The third field of Iranian radiance was in science, maybe the most prolific. During seven centuries, Iran has housed an important number of scientists, maybe only rivaled by Al-Andalus. The proximity of Iran with the House of Wisdom ( بيت الحكمة "bayt alHikmah”) in Baghdad and with byzantines great centers of learning (Antioche) may have been played a great role in this fact. On the other side, the Indian science have been an important influence on persian society, as the chineses ones through the Silk Road and the Mongol invasion.

As for the arts, it’s impossible to list all of Iranian contributions to sciences but we may presents some scholars and their majors works:

Conclusion

It’s easy to think that the arab invasion of Persia fully erased the imperial era Persia. In fact, as we saw, the two first centuries of the muslim era marked a real rupture but after that the country re-birthed with even more particularities in a lot of fields.

These particularities tend to disappear during the modern era but during the Pahlavi era (1925 – 1979), Reza Shah and his son Mohammed Reza Shah tried to cultivate these assets to stand out their country from foreign influences, mainly from the USSR and Great Britain.
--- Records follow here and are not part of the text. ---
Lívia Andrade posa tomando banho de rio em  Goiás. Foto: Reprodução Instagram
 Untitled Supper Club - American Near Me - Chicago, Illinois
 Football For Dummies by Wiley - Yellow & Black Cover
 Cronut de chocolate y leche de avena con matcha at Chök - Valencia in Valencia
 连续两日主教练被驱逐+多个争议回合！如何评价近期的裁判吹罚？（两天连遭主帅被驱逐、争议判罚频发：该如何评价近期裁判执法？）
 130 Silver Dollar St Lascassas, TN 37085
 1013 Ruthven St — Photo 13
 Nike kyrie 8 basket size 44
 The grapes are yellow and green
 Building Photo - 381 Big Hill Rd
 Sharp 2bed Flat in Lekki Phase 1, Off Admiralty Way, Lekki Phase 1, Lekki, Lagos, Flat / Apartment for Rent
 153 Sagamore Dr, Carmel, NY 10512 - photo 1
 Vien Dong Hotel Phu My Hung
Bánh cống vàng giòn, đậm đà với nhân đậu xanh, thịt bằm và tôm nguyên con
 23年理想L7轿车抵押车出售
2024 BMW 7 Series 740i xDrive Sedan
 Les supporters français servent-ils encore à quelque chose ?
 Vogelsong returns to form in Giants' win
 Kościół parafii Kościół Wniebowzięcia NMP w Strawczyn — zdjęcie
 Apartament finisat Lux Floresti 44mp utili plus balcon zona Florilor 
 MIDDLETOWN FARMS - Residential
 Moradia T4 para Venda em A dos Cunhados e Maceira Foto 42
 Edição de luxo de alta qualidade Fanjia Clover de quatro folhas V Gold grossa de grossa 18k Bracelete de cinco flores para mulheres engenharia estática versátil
These desires of independence led to the soviet and british invasion of Iran during the WWII, and the deposition of Mossadegh, too much reforming prime minister, by the CIA in 1953.

So after five centuries of declining and unsuccessful reformations, a massive popular revolution overthrew Mohammed Reza Pahlavi. An Islamic Republic ( جمهوری اسلامی "Jomhori-ye Islami”) was established, that lead to resurgence of islamists movements in Middle East and Afghanistan.

The Islamic Revolution really marked a rupture in Iran history and politic, maybe more than the arab invasion. Iranian government was a traditional ally of USA in the first part of Cold War, but they’re now allied with Putin’s Russia (mainly because of anti-americanism). As the last shah was focused on intellectual and industrial modernization of the country, ayatollahs are focusing on establishing Iranian hegemony on the Middle East. They are actually in a cold war with Saudi Arabia for muslim world leading and Israel, seen as the sionist devil and a beachhead of american imperialism.

The Iranian doctrine in these wars is based on the help provided to shiites movements or parties tied with Iranian Shiism in the Shiite Crescent (Hezbollah in Lebanon, Syria and Iraq, the Damas Government in Syria, various shiites militias in Iraq) or movements that may be weakening to Saudi Arabia and Israel (Hamas, Houthis).

Russia may be a strong ally, yet Iran doesn’t want to be subjugated and to bless their independence, Iran is trying to develop nuclear weapon since the revolution, another point of disagreement with the West and Israel.

However, the Iranian government isn’t so stable and for a few years, a democratic protestation tends to grow in the country, caused by unemployment, corruption and the warring politics of the ayatollahs. Even if this movement succeed to overthrow islamists, it’s probable the rupture is too deep to be closed, and this may end in a civil war, like in Syria, Iraq and others.